General Relativity in 2+1 dimensions

by Greg Egan

This web page is a work in progress, giving some information and calculations relating to General Relativity in two spatial dimensions, plus time. I became interested in this subject after reading John Baez’s This Week’s Finds in Mathematical Physics, Week 232, which contains an introduction to the subject and some references.


Basic concepts

In 2+1 dimensions, Einstein’s equation in a vacuum requires that spacetime is completely flat. This is in stark contrast to the situation in 3+1 dimensions, where the vacuum solutions are only required to be “Ricci flat”, that is, the Ricci curvature tensor must be zero, but the complete, Riemann curvature tensor need not be, allowing for gravitational waves, and for the familiar gravitational effects of the sun on the Earth, and so on.

There are 2+1 spacetimes which contain no matter at all but still exhibit non-trivial physics, because their topology is non-trivial. However, in this page I’m going to discuss another possibility, in which matter is present, and consists of individual point particles.

It turns out that the appropriate solution of Einstein’s equation for the vacuum around an ordinary point particle is for the flat spacetime to have an “angular deficit” proportional to the particle’s mass, so that the space around the particle has a total angle of less than 2π. In other words, each 2-dimensional spatial slice has the geometry of a cone. A cone can be constructed by taking a plane, cutting out a triangular wedge, and then identifying the two edges of the missing wedge. Similarly, we can construct the 2+1 spacetime containing a single particle by taking Minkowski spacetime, cutting out a solid wedge (like an infinite triangular prism) whose edge runs along the particle’s world line, and then identifying the two planes of the wedge. Assuming we use coordinates where the word line of the particle passes through the origin, there will be a Lorentz transformation that leaves the particle’s world line unchanged, but which rotates one of the planes of the wedge on to the other.

In a region of flat spacetime, the parallel transport of a tangent vector around a loop will leave the tangent vector unchanged if the loop is contractible, i.e. if it can be shrunk down to a point while remaining in the region where spacetime is flat. However, if we parallel-transport a tangent vector in a loop that goes around the particle’s world line, it will come back rotated, by the same Lorentz transformation as we used to join the planes of the missing wedge of spacetime.

A rotation can always be characterised by an angle between zero and 2π, so particle masses in this model take on a finite range of possible values. We will call the maximum possible particle mass mmax. In conventional geometrical units, where G = c = 1, the deficit angle associated with a particle of mass m is 8πm, and so mmax = 1/4.

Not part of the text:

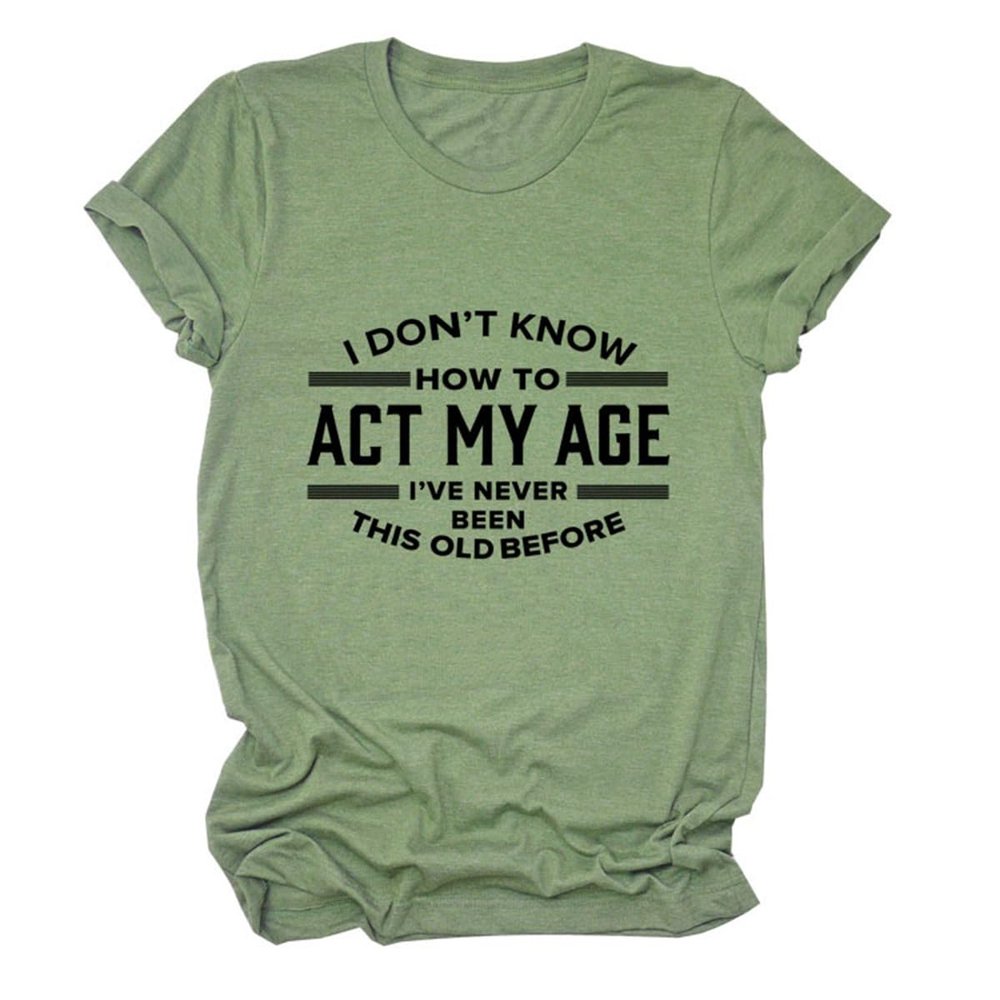Womens Funny Tops I Don't Know How to Act My Age Shirts Short Sleeve Letter Printed Tees Casual Crewneck T-Shirt Olive Green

Now, as well as ordinary particles that move slower than the speed of light, we can imagine a similar scheme for particles that move at lightspeed, or faster. These three classes of particles are known as tardyons, luxons, and tachyons. Even if we don’t accept the possibility of actual tachyons in our model, it’s worth considering for a moment what the spacetime geometry around them would be. When we parallel-transport a tangent vector in a loop around a tardyon’s world line, the tangent vector comes back rotated by a Lorentz transformation that preserves the timelike tangent vector to the world line. A similar thing should happen for luxons and tachyons, but in those cases the Lorentz transformation that preserves the lightlike or spacelike tangent vector to the luxon or tachyon’s world line will not be a rotation. For the luxon it will be a “null rotation”, and for the tachyon it will be a boost. (Here is a link to an explanation of null rotations.)

The linear map that acts on tangent vectors when they are transported around a loop is known as the holonomy of the loop. To identify this map with a specific Lorentz transformation, that is, a specific element g of the group SO(2,1), we have to choose a base point B where we start and finish the loop, and also choose a basis for the tangent space at B. If we move the base point or change the basis, then the particular g we find for a given particle’s world line will change, becoming conjugated by some other element h of SO(2,1), gh–1gh. However, whether a Lorentz transformation is a rotation, a null rotation or a boost, and the magnitude of its effect, is preserved by conjugation.

Multi-particle systems

In a spacetime containing multiple particles, the holonomies of loops that enclose the world lines of individual particles will still behave in the way we’ve described. The holonomy of a loop that encloses several particles’ world lines will then be a product of the individual holonomies.

We will sometimes refer to the holonomy of a loop that encloses a system of particles as the system’s group-valued momentum. This is a strange concept, when we’re used to momentum being a vector, but as John Baez argues it makes a lot of sense, and even allows us to frame a modified law of conservation of momentum. If we choose a base point B and a basis for its tangent space, then draw a loop from B around a whole system of particles, the flatness of spacetime allows us to push the loop into the past or future without changing the holonomy (so long as we don’t change its homotopy class, i.e. we smoothly deform it without it ever leaving the flat spacetime of the vacuum). In other words, the group-valued momentum remains constant, whatever is happening to the system internally.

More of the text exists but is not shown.